C’est un article fleuve que vient de publier le journal Libération. Sur quatre pages, le quotidien raconte l’affaire judiciaire qui empoisonne encore les Ateliers Jean Nouvel (AJN), l’agence de la « starchitecte » Jean Nouvel. Selon les informations de Libération, le parquet de Paris a demandé mi-décembre le renvoi en correctionnelle de plusieurs anciens salariés d’AJN, dont son ancien directeur administratif et financier pour des présumés détournements « massifs » étalés sur plusieurs années, avec des fausses factures émises « en quantité industrielle ». Le préjudice tournerait autour de 25 millions d’euros. L’affaire remonte à plus de dix ans. Dans les années 1990, frappés par la crise, plusieurs grands projets dont celui de la Tour sans fin à la Défense tombent à l’eau. L’agence de Jean Nouvel sombre dans le rouge, et est même placée en liquidation judiciaire. C’est alors qu’un ami d’enfance de Jean Nouvel entre en scène, Michel Pélissié, aujourd’hui décédé. Il investit 5 millions d’euros, devient directeur général, et associé à 50 % de Jean Nouvel. Ce dernier lui octroie toute sa confiance. L’architecte se concentre sur ses projets, son associé gère la société. Les affaires repartent, avec succès, dont la Fondation Cartier, rive gauche à Paris, le Louvre Abu-Dhabi, bientôt le musée du Quai-Branly… Sa cote est au plus haut, dans le monde entier. Mais l’équilibre restait précaire. Un ancien comptable a confié à Libération les « combines » pour faire des économies, en particulier des notes de frais pour compléter les salaires, en particulier des voyages privés. Une affaire de bouteilles de vin livrées aux clients et associés est aussi mentionnée. L’ancien comptable conteste tout enrichissement personnel. Michel Pélissié aurait aussi indûment facturé « des contrats d’assistance fictifs ou disproportionnés » entre sa société de conseil et AJN, pour un total de plusieurs millions d’euros. Des doutes finissent par envahir Jean Nouvel, qui vers 2008 met de l’ordre dans les rémunérations entre lui et son associé. Il finira par se séparer de son associé, et porter plainte pour détournement de fonds.

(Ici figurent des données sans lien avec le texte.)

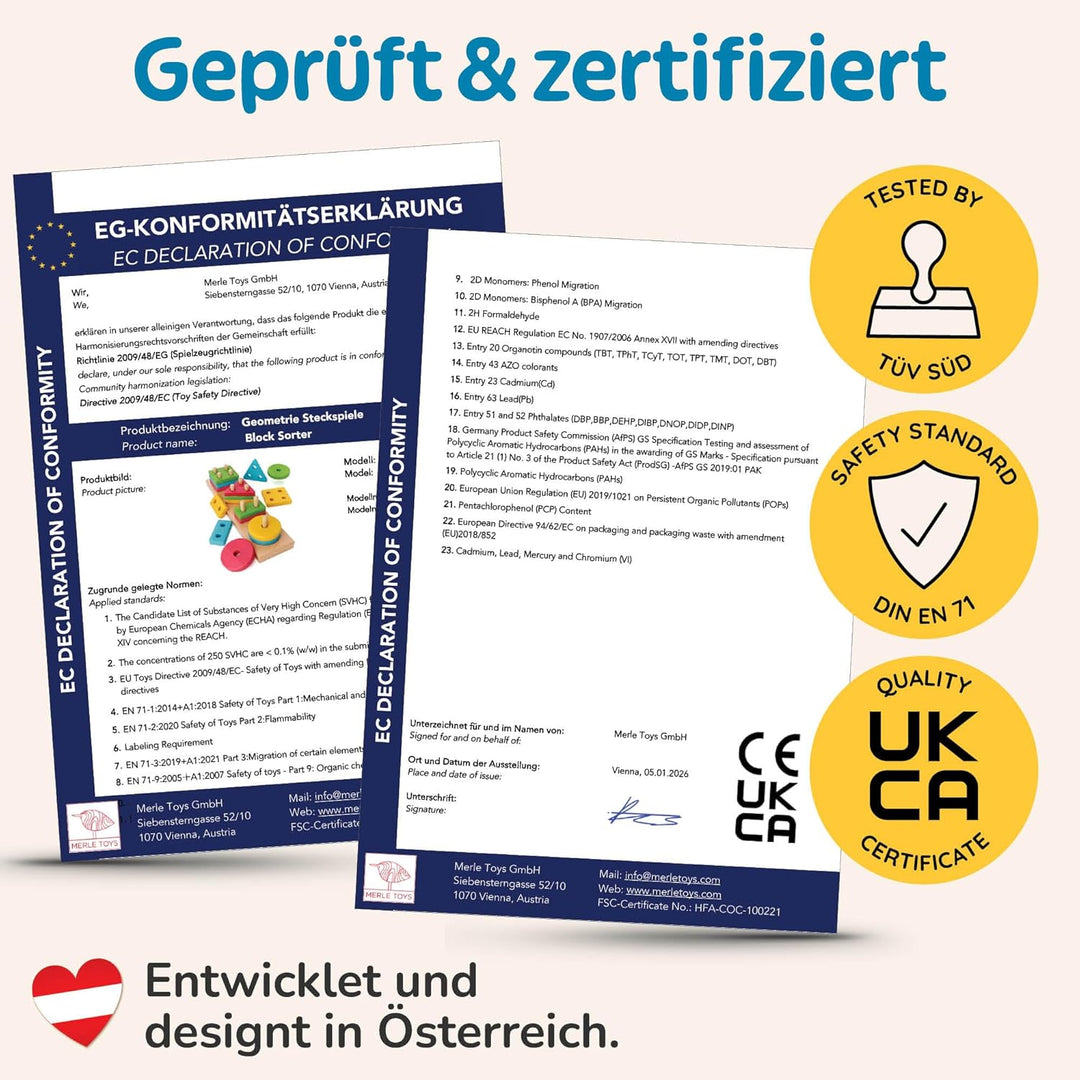 Steckspiel ab 1 Jahr, 4in1 Formen Sortierspiel ab 2 Jahre mit 16 Formen, Montessori Steckspiel Holz,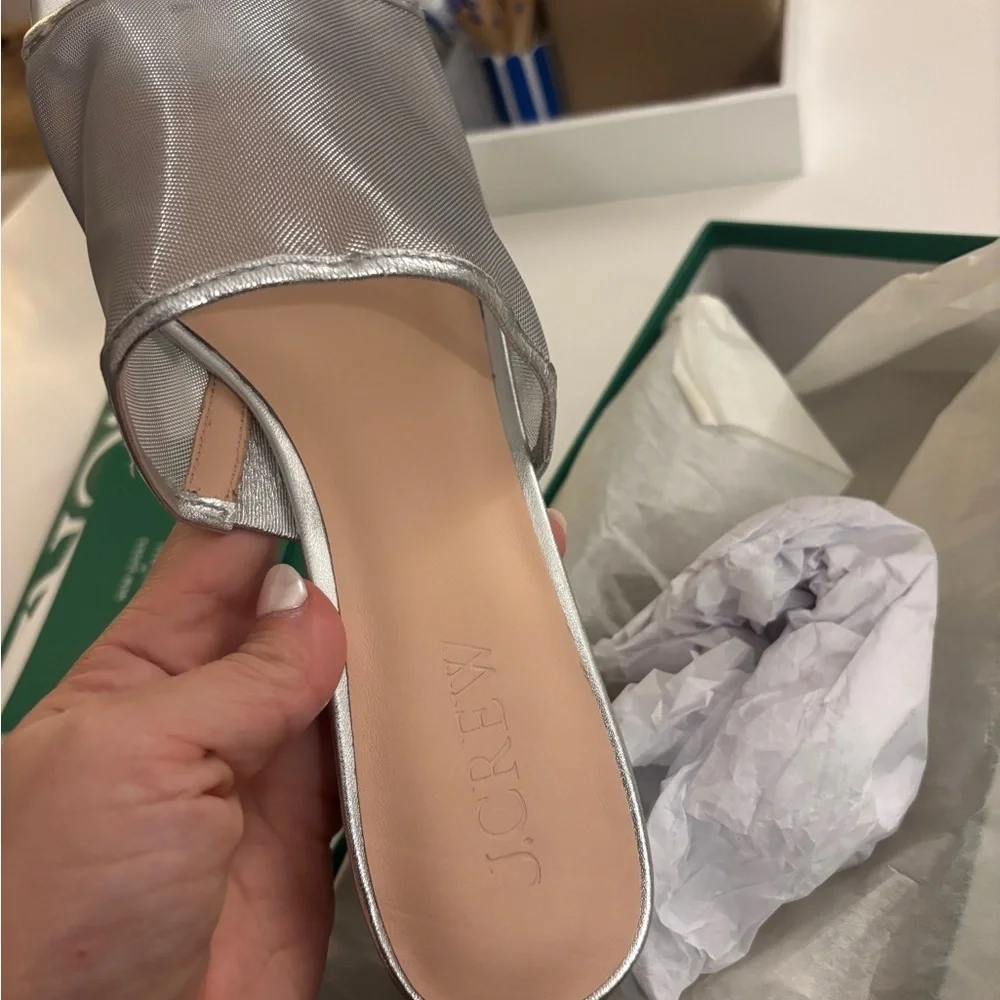 NWB J. Crew Mule Block Heel Sandals in Silver Metallic Mesh Size 12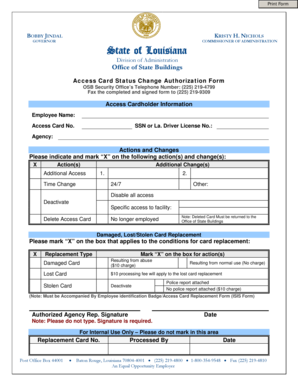 Louisiana Access Card Status Change Authorization Form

Par ailleurs, Libération pointe aussi des dépenses mensuelles de 20 000 euros faites par Jean Nouvel avec la carte de la société, sommes correspondant d’après l’architecte « à des frais de représentation ». En cause également : l’argent employé à entretenir l’appartement de l’architecte à Saint-Paul de Vence, qui sert également de bureaux de travail. L’architecte n’a pas été mis en examen mais a été placé sous le statut de témoin assisté.
Aujourd’hui, avec un chiffre d’affaires de 45 millions d’euros, « l’entreprise semble avoir renoué avec ses années fastes », souligne Libération. Les projets prestigieux se succèdent, dont ceux de la Fondation Cartier à Paris, de l’opéra de Shenzhen en Chine, des Galeries Lafayette de Berlin, l’hôtel Sheeran dans le désert d’Al-Ula en Arabie saoudite…
Après la parution de l’enquête de Libération, Jean Nouvel et les Ateliers Jean Nouvel nous ont transmis le commentaire suivant. « De son côté, Jean Nouvel, qui n’a jamais eu aucune responsabilité dans la gestion financière de la société, a immédiatement déposé plainte du chef d’abus de confiance contre son ancien associé dont il était séparé depuis deux ans. Nous regrettons que l’article de Libération ne soit pas assez précis sur les points suivants : les dépenses présentées comme somptuaires sont en réalité indispensables au développement commercial d’une agence d’architecture de ce niveau et nécessaires aux relations avec des clients internationaux de premier rang ; la qualité de victimes des Ateliers Jean Nouvel et de Jean Nouvel doit être rappelée avec force ; la seule nouveauté dans cette affaire vieille de plus d’une décennie est la clôture de l’enquête ». Et d’ajouter : « Depuis la découverte des faits judiciarisés par les Ateliers Jean Nouvel et Jean Nouvel, les Ateliers ont retrouvé une nouvelle dynamique et sont gérés avec la plus grande rigueur. Ils poursuivent une belle trajectoire et réalisent des projets exceptionnels grâce à leurs clients, leurs partenaires et leurs salariés que nous remercions ».